Hari Disabilitas Internasional, Angkie Yudistia Dukung Asta Cita Prabowo Demi Wujudkan Inklusivitas

JAKARTA – Staf Khusus Presiden RI Periode 2019-2024 Angkie Yudistia menyampaikan apresiasi melawan penyelenggaraan acara Hari Disabilitas Internasional (HDI) oleh Kementerian Sosial (Kemensos).
Setiap tahunnya, HDI diperingati pada 3 Desember.
Diketahui, Kemensos juga telah lama mengampanyekan #SetaraBerkarya, Kampanye yang tersebut menekankan pentingnya kesetaraan juga pemberdayaan.
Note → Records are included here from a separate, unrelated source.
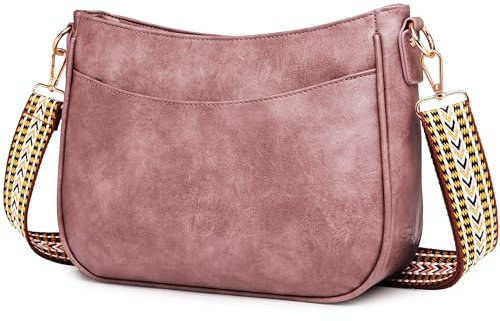 Keyck Sac Bandoulière Femme, Sacs a Main Femme en Cuir PU avec Bretelles Réglables et Amovibles, Sac a Main Femmes Bandoulieres Elegant Sac Besace pour Voyage Loisirs Travail (Rose)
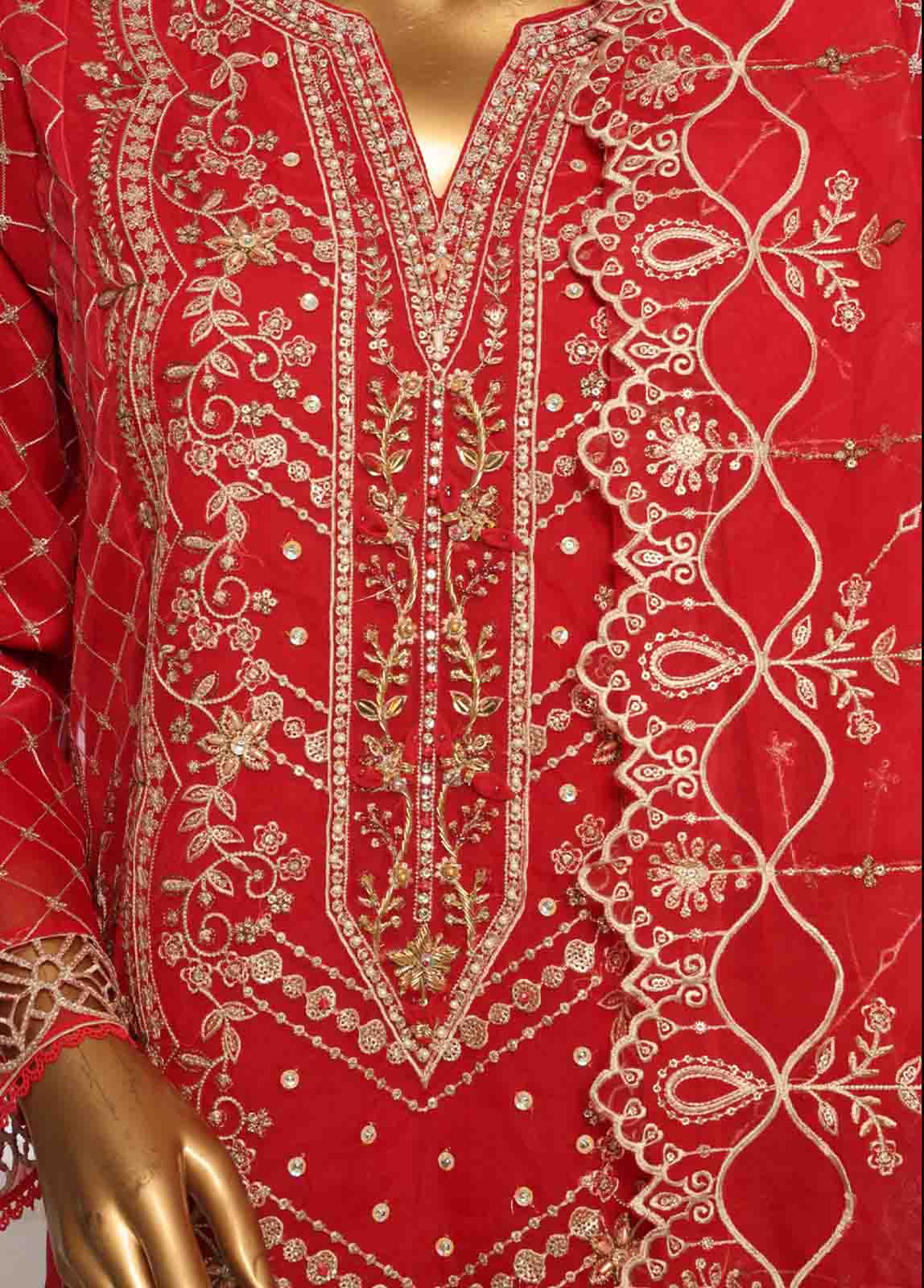 OWS-006 R- 3 Piece Organza Stitched Suit - Image 4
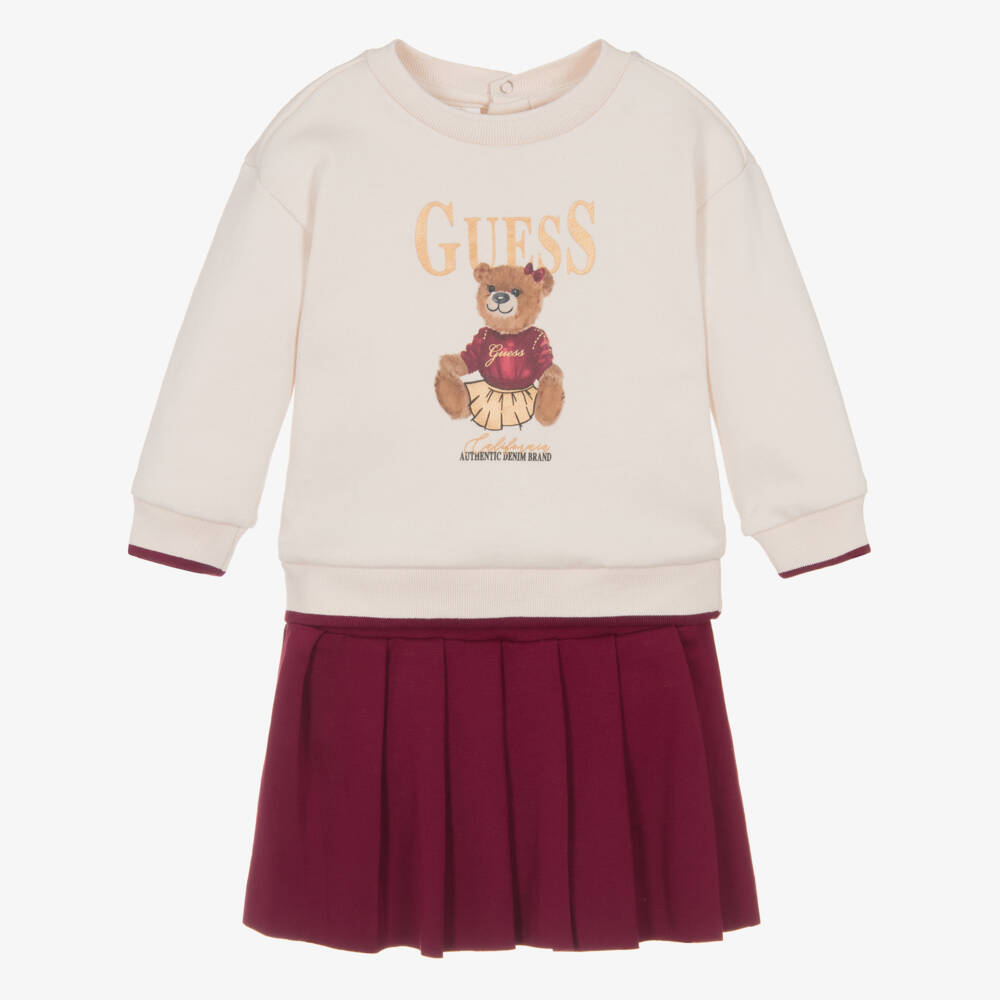 Guess-Baby Girls Ivory & Red Jersey Skirt Set with Bear Print | Childrensalon Outlet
Kedua hal itu, kata Angkie, sangatlah penting.
Hari Disabilitas Internasional 2024 menjadi peluang penting untuk merayakan keberagaman, menguatkan solidaritas, juga membuka potensi setara bagi semua-termasuk penyandang disabilitas-untuk bersama-sama berkarya lalu berkontribusi bagi bangsa.
Angkie –yang juga Wakil Ketua Umum Partai Perindo itu– mengungkapkan pemerintahan yang inklusif merupakan salah satu fokus utama pada Asta Cita Pemerintahan Presiden Prabowo Subianto dan juga Wakil Presiden Gibran Rakabuming Raka, yang digunakan berikrar untuk merancang Indonesia yang mana adil, makmur, kemudian merata bagi seluruh rakyat.
Untuk itu, Angkie mengatakan konsep inklusivitas ini dapat diwujudkan melalui berbagai kebijakan yang bertujuan untuk menjamin setiap warga negara, tanpa memandang latar belakang sosial, ekonomi, atau budaya, mempunyai akses yang digunakan setara terhadap layanan umum lalu kesempatan ekonomi.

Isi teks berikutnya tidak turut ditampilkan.